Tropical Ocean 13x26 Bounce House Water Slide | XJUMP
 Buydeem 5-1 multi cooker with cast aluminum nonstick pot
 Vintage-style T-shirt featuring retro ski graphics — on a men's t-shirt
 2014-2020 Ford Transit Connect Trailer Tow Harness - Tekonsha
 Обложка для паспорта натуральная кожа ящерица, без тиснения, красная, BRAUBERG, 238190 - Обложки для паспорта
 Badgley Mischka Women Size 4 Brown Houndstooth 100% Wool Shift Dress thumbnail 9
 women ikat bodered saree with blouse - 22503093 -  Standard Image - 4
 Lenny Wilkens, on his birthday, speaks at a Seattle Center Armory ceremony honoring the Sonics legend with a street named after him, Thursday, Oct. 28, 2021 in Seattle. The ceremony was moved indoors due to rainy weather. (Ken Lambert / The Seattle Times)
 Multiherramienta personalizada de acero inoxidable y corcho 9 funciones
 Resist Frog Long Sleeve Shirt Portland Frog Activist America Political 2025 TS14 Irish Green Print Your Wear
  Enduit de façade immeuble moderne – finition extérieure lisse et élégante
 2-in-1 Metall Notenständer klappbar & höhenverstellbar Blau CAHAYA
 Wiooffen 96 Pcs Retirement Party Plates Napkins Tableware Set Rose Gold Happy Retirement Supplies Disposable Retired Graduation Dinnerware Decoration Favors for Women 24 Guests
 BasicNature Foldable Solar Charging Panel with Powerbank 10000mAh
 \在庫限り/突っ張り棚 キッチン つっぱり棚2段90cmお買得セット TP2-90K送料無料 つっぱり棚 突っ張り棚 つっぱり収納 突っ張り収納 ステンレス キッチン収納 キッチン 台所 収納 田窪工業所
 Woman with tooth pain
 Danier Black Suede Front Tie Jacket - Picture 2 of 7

::::::::::

What you need to do: Whenever a line in the material contains the word "with", copy that line.

Solution for this exercise:
 Buydeem 5-1 multi cooker with cast aluminum nonstick pot
 women ikat bodered saree with blouse - 22503093 -  Standard Image - 4
 Lenny Wilkens, on his birthday, speaks at a Seattle Center Armory ceremony honoring the Sonics legend with a street named after him, Thursday, Oct. 28, 2021 in Seattle. The ceremony was moved indoors due to rainy weather. (Ken Lambert / The Seattle Times)
 BasicNature Foldable Solar Charging Panel with Powerbank 10000mAh
 Woman with tooth pain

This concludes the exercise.